Modern CPUs have caches of 3 or 4 levels. Level 1 cache is the fastest and smallest one. Tempesta FW web cache was designed as level 1 cache – it’s very fast, but it must fit RAM. There is no disk I/O during Tempesta FW operation. The web cache serves the most hot content as fast as possibly. We compared performance of our web cache with Nginx. Tempesta FW reached 1,802,842 requests per second, which is x3 times faster than properly tuned Nginx with switched off access.log.

The largest application layer DDoS attack registered by Imperva in 2019 was 292,000 requests per second. This means that you can serve the largest application layer DDoS attack right from the cache on entry-level 4-core Xeon server. (This works for HTTP flood attacks targeting the same resource, e.g. /, which is frankly the most frequent case. For more advanced attacks Tempesta FW uses various challenges and rate limits.)

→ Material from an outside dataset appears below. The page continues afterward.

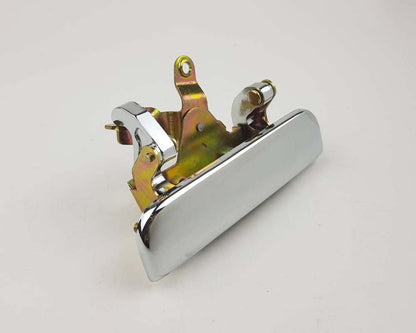 Tailgate Outside Handle Assembly - Chrome - view 3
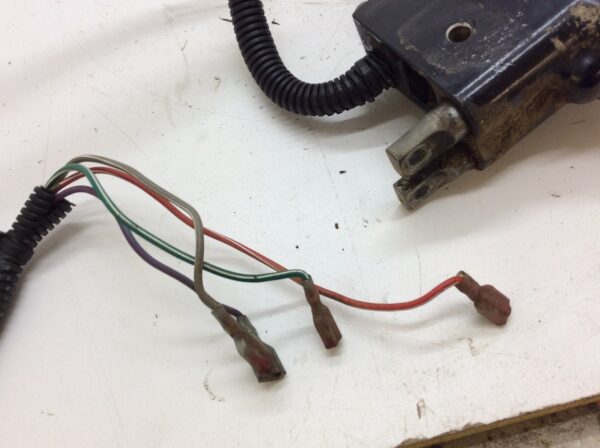 1997 Polaris Gear Shift Box - Image 4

Placing a web cache at front of a WAF requires Tempesta FW to take care about all web cache related attacks and we constantly work on enhancement of the web cache security.

Conclusion

Being installed at front of a powerful WAF, Tempesta FW can significantly improve not only overall performance and response latency of your web cluster, but also increase DDoS resistance of the cluster and/or reduce total cost of ownership by using less hardware resources.

As always, we welcome you to try and test Tempesta FW alpha.